# Magazines for Taurus PT709 Slim



## Michaeld1953 (Jan 19, 2013)

Does anyone have any idea as to where you can buy the 7 round magazines for the Taurus PT709 Slim? These normally sell for like $37 and the only place I have found is on Ebay and the guy should be shot. He is selling for $87.50. I am doing this for a friend, trying to help out. Will you please let me know. I am glad I don't own one with what my search has rendered. Many thanks ahead of time.


----------



## berettatoter (Sep 1, 2011)

Well, the Gander stores seem to carry them.


----------



## dreamer65 (Aug 31, 2012)

my LGS had a hand full of them for 35.00


----------



## Michaeld1953 (Jan 19, 2013)

Thank ya'll very much, I found them for the guy and he scarfed up all they had that day.
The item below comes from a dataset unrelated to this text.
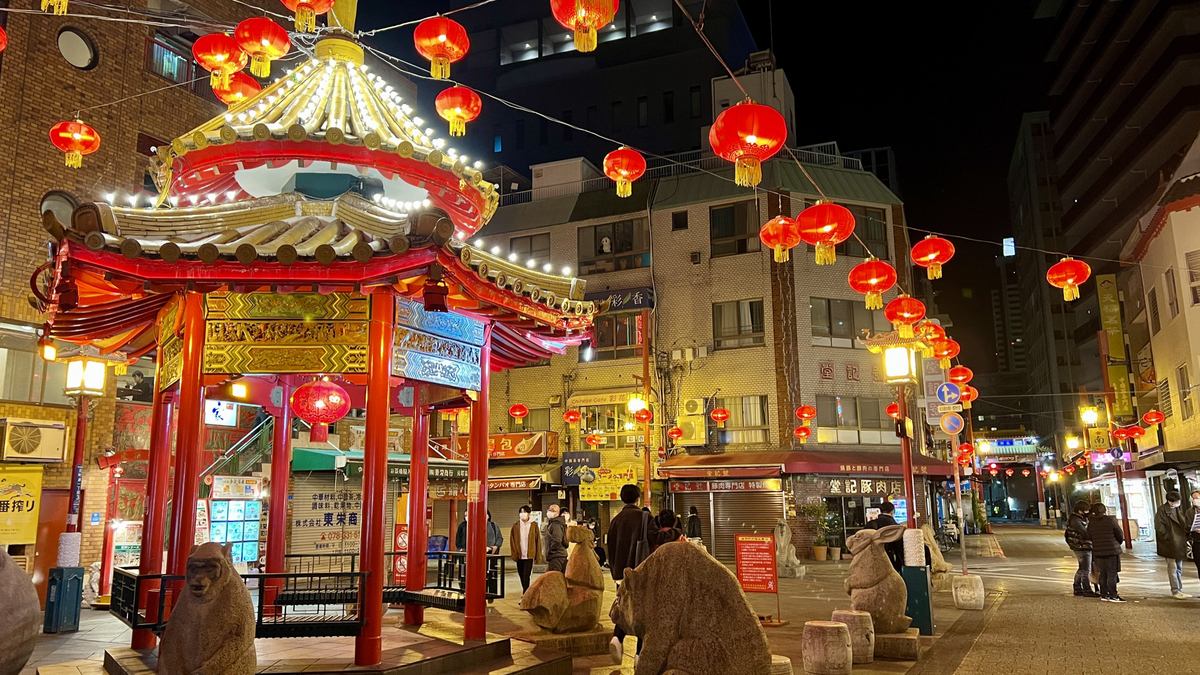 Nankinmachi Square at night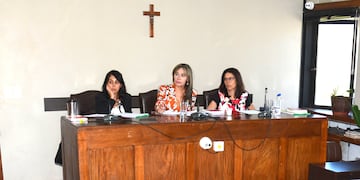Las juezas penales Ana Carolina Pérez Rojas; Margarita Nallar -presidente de trámite-; y Cecilia Sadir, que condenaron al padrastro abusador en Jujuy.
I appreciate the help.


----------



## jmg (Aug 16, 2007)

Here in Portugal they are not easy to get.
Have order one about 2 mounth ago and I´m still waiting.
But the price is 30,00€


----------



## berettatoter (Sep 1, 2011)

jmg said:


> Here in Portugal they are not easy to get.
> Have order one about 2 mounth ago and I´m still waiting.
> But the price is 30,00€


Oh, that sucks. Two months? Man.


----------



## asmith352 (Jun 12, 2015)

I know this is an old thread but looks like the pt709 mags are out of stock again. Im very new to this model and shooting in general. I hear and read what a popular model this is so I cant understand how they could be out of stock on magazines for such long periods of time so frequently. 
Is it worth sticking with this brand and model or is there a better option available?


----------



## Ringer (Jun 30, 2015)

Think a re-stock has arrived in most parts. That or look at mod of a Hi point mag?


----------



## Blindfinger1 (Oct 1, 2015)

709 Magazines are selling for $39.00 on Ebay today 9/30/15. Looks like they have several in stock.
Taurus 709 9mm 7 Round Magazine | eBay


----------